I sent it to Johanna at New York Stage and Film, because they’ve been really supportive of my writing for years. She read it, and suggested that we do a reading of it this summer. We hired Maria Mileaf to direct it. Then we cast it and we spent a week last summer around a table questioning through lines for the actors: have we dropped something? Are we not hearing enough about something? One of the big issues was: do we have a climax for this play? Where is the breaking point? What are we setting up, and where does that pay off? It’s all about working the beats of the script, so that the dramatic tension is where you want it to be. Some defining of characters…

There are a lot of women in this play. And my husband (Ken Olin) is the only man! I didn’t really do it intentionally….I have three sisters. Maybe there’s some gestalt there I copied without realizing.

Though I know you went into production mode only days ago at Powerhouse, how have these first days been going there? Any significant changes or revelations?

We’ve been working mostly on the second to last scene. It’s about 25-pages long. I went back the other day and did an entire rewrite. After rewriting, I have the actors read it. Then they give feedback, and the director weighs in. Now I think we have it, so we’re cutting things; it’s too long. Just trying to sculpt it down to what is essential.

We’re blocking scene six, starting today. The actors have most of the first act memorized; we’re now going into the last scene of the first act. Other than cutting and doing little shapes and things, I’m beginning to get toward the end of my time (working on it.) The actors have to be given time to settle in, to own their characters, memorize lines. Technically I’m allowed to keep giving them notes; I hope I won’t have to note them to death.

What happens for F2M after the Powerhouse season? And how does one go about raising awareness about a great new play?

Hopefully we get up a good production (here), that we feel represents the play, and we feel strong about. For people who would invest money or move it into New York, it helps to see it, rather than just read it. Something on the page and something you experience aren’t exactly the same. The hope is we feel good about it, we get people to see it, someone will want to invest in it, and put it up somewhere.

New York City and Broadway are just an hour and a half down the road….

That’s what’s so brilliant about being able to work here. First of all, you’re given such support to really develop the play. You don’t have other concerns; you don’t have these big reviewers up here. The process is truly committed toward the playwright finding the play that she wants to write. It’s extraordinary to have that kind of support.

What else do you have in the works writing-wise at present?
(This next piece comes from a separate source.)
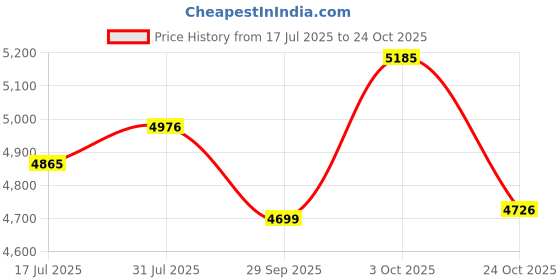 flipkart.com smk Gullwing Tourleader with Dual Visor MA-747 XXL Motorbike Helmet smk Price History Graph from 17 Jul 2025 to 24 Oct 2025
And will you continue doing television while being a playwright?

Well, you know, I do have to make money. It’s much easier for me at this point to make money as an actor than as a writer. But I am working on a couple of other things. I don’t see myself writing movies and such; I really do love the theatre. I feel committed to wanting to write….I have another play that I did here a few summers ago in a reading workshop called My Andy, about Andy Warhol’s relationship to his mother. I’ve been working on that a little bit more, wondering what I need to solve about their issues. She lived with him for 25 years, this immigrant who barely spoke English, in a babushka with the little apron!

“My imagination seems to be more alive thinking about the theatre. When I was young and I moved to New York, I was a member of the Circle Repertory as a very serious actor! At that time, I never really thought much about acting for television or film. But that’s what happened in my life. I got cast; you do this and that, and then, you’re just….there. You never know.”